Yes, Mary, where can we all sign up to buy waterfront land for a dollar?

Maybe 99 cents sounded like too cheap of a "giveaway" so they went with a dollar?

The "forcing" of CN to buy our public rail land due to environmental damage THEY themselves have caused is complete farce. The logic behind that, (if there is a shred of logic in that part of the deal), simply does not make any sense.

Sheer lunacy, in fact.

In the case of the Exxon spill we did not transfer ownership of our coastline to them. Why would we do that? It would be unthinkable. So why are we doing it here?

Exxon was held liable and accountable for damages.... that only makes sense.

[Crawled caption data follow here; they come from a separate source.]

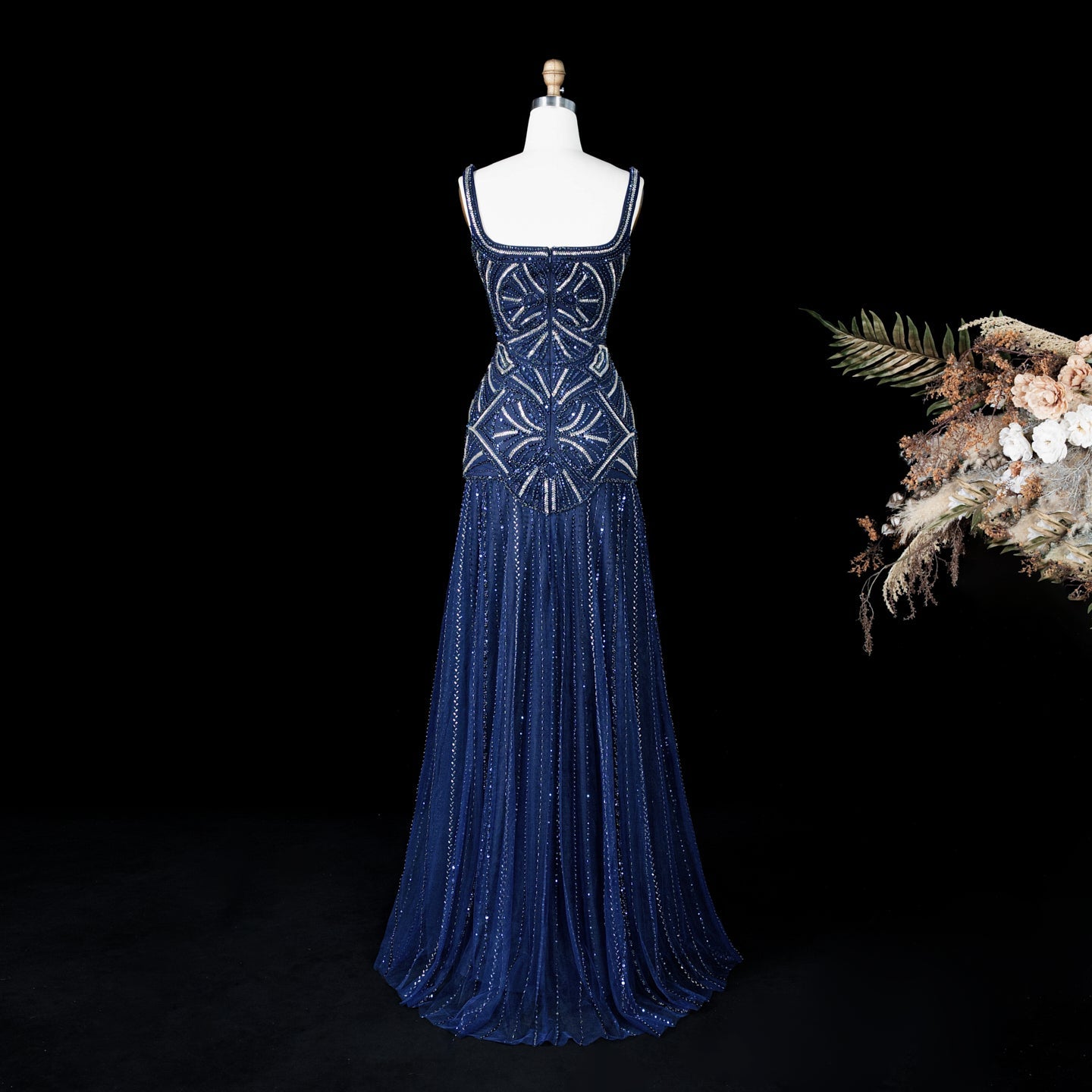 Champagne Luxury Beaded Tulle Floor Length Evening Dress SS552 Sheer Fairy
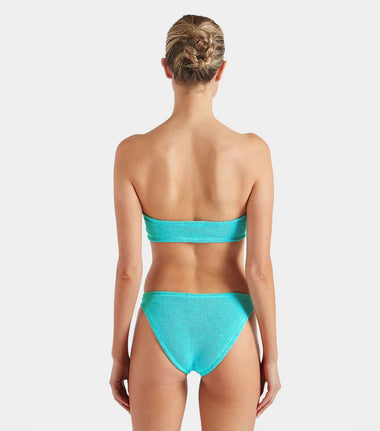 Jean Bikini Metallic Crinkle Aqua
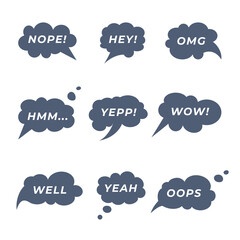 set of doodle speech bubbles with words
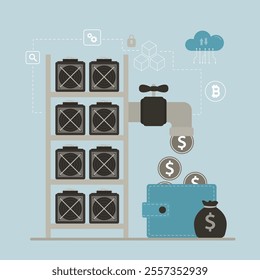 Cryptomining farm concept. Cryptocurrency mining equipment. Mining crypto currency bitcoin using GPU or video cards. Dollar coins pouring from tap into digital wallet, profit. flat vector illustration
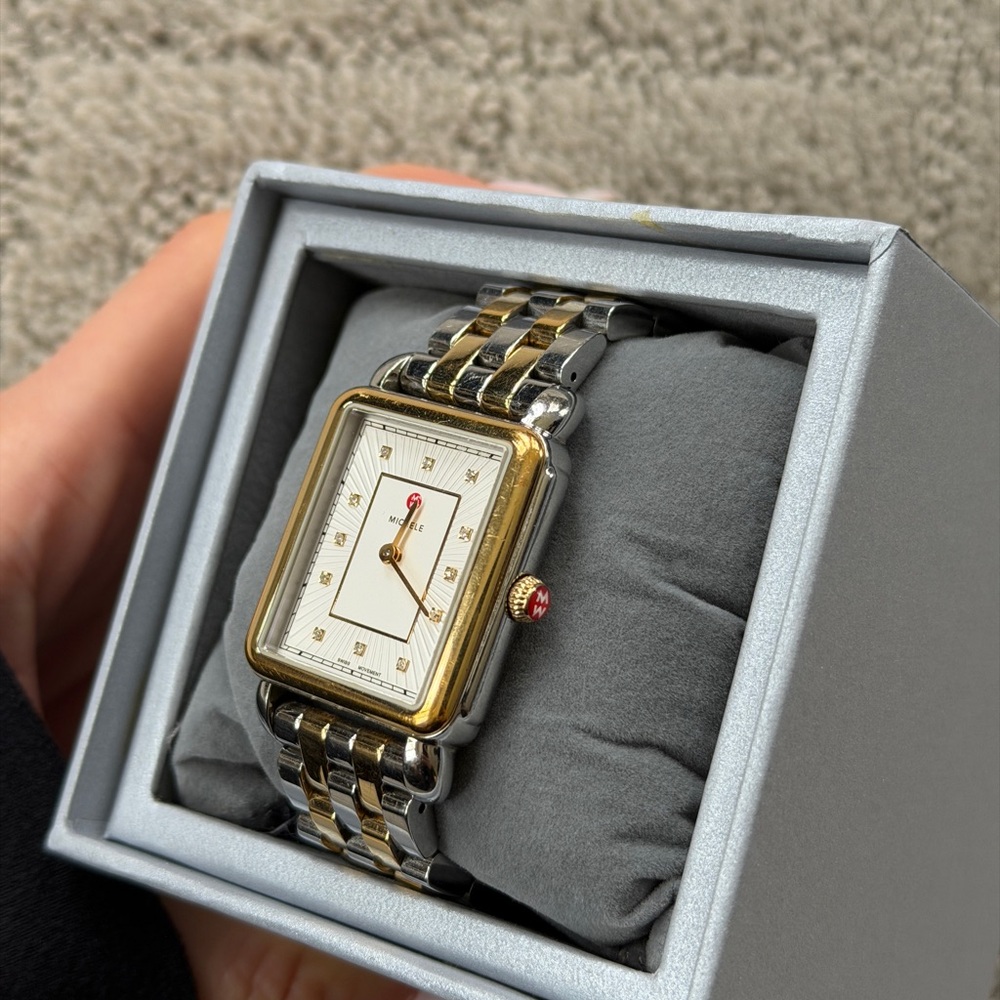 Michele Deco II Two-Tone Rectangular Dress Watch - Gold & Silver - Picture 6 of 6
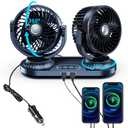NIFBANG Dual Head Car Fan 12v 24 Volt Universal,270° Oscillating Cigarette Lighter Powered Cooling Fan for Vehicles [with 2 USB Charging Ports],360°Rotation Car Fans That Blow Cold Air for Trucks SUV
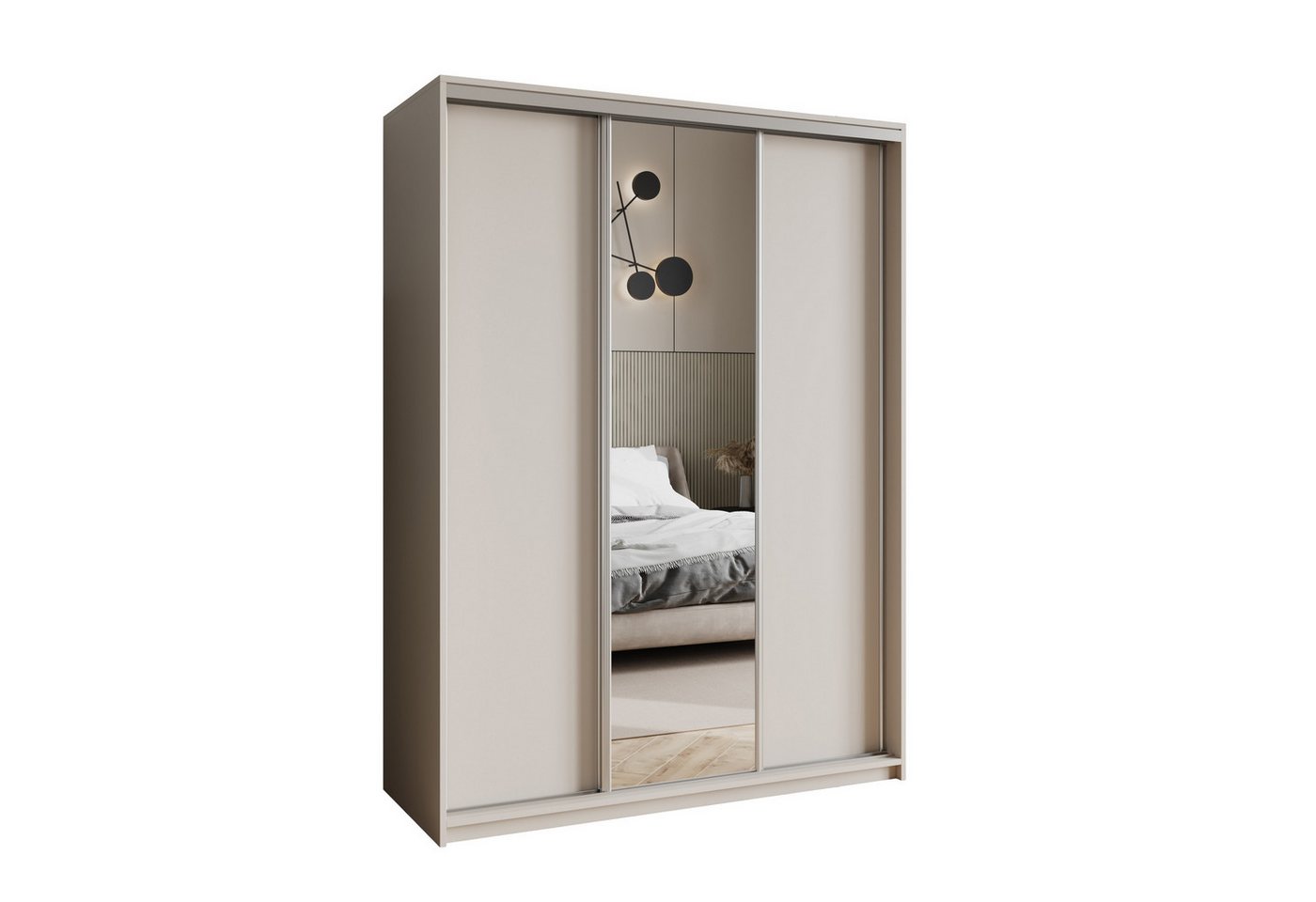 Masseno Schwebetürenschrank TAVI 150 cm Kleiderschrank mit Spiegel 3 Türen Kaschmir Bild 3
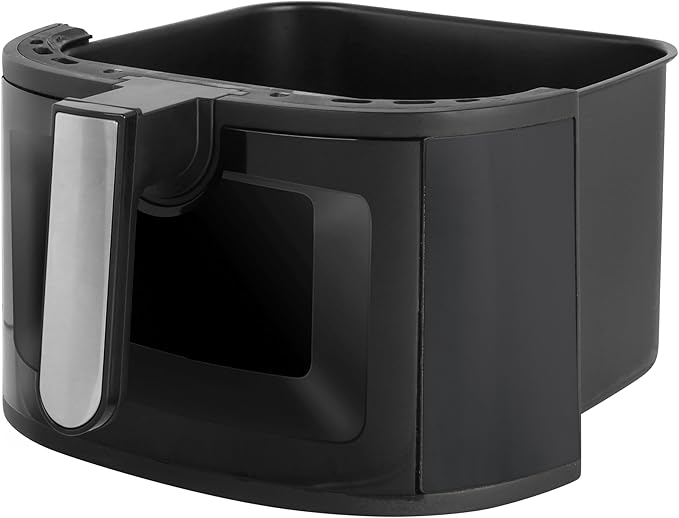 Kalorik Air Fryer 7 Quart Capacity with Touchscreen Controls 10 Cooking Presets in 12 Food Categories with Large Illuminated View Window and Nonstick Basket & Trivet, 1500-Watts, Black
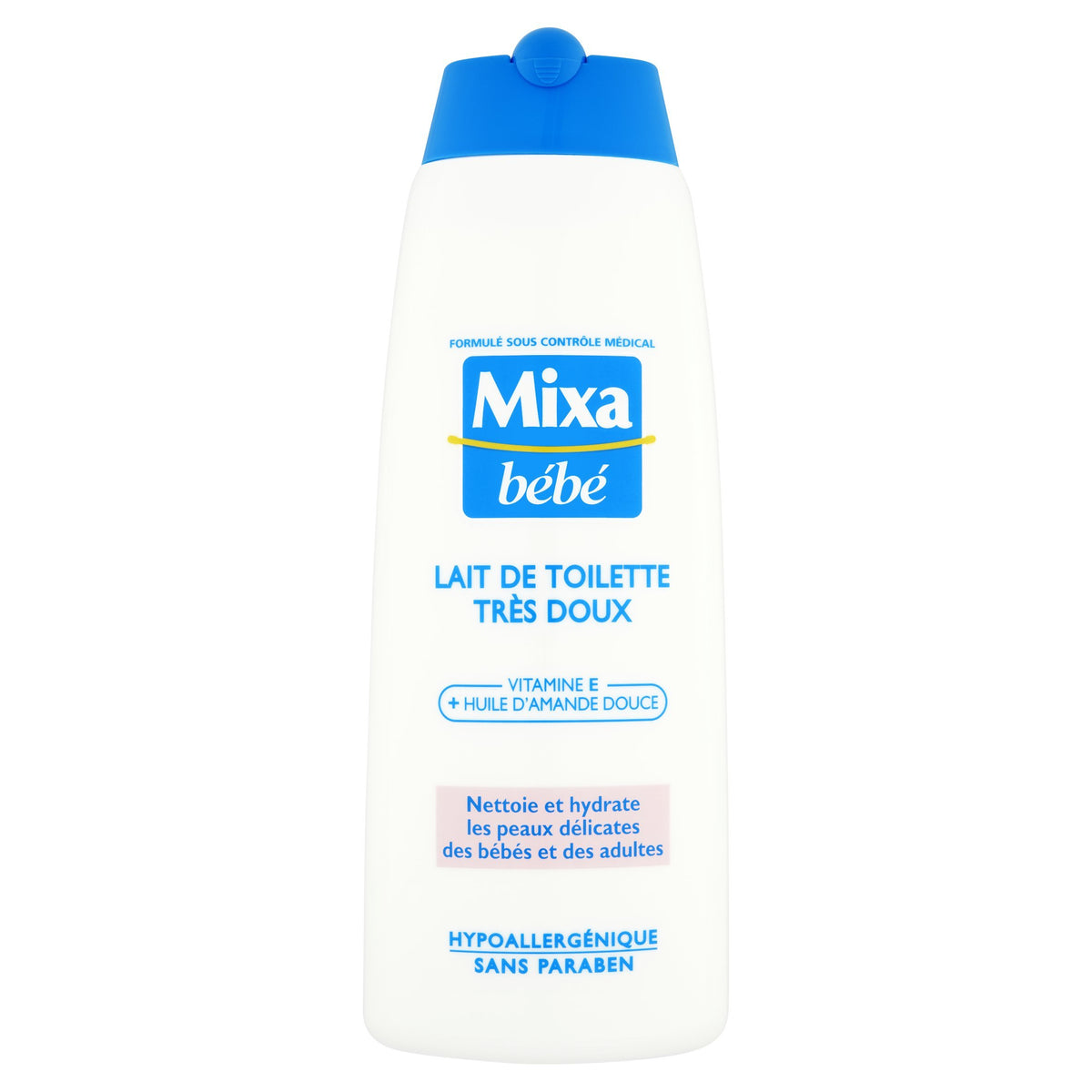 Mixa Baby Lotion bottle shows gentle, hypoallergenic formula for sensitive skin.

So what is the motive behind this part of the BC Rail deal? Why this strange and disgustingly illogical real estate option?

Why wouldn't they just have written into the contract that CN clean up the environmental mess and be held accountable and liable for damages?

Why is the transfer of land even being considered here? hmmmm.....

This deal is "looney" in more ways than one. And sly, sly, - slyer than sly.

Why would we reward CN for environmental damage done with a looney price-tagged option that turns our public rail lands into prime real estate? (Once again our public land is being made conveniently accessible and marketable for easy.... and cheap, cheap, cheap, private consumption.)

What is FAIR in that?

And why the strangely mixed brew between rail and real estate?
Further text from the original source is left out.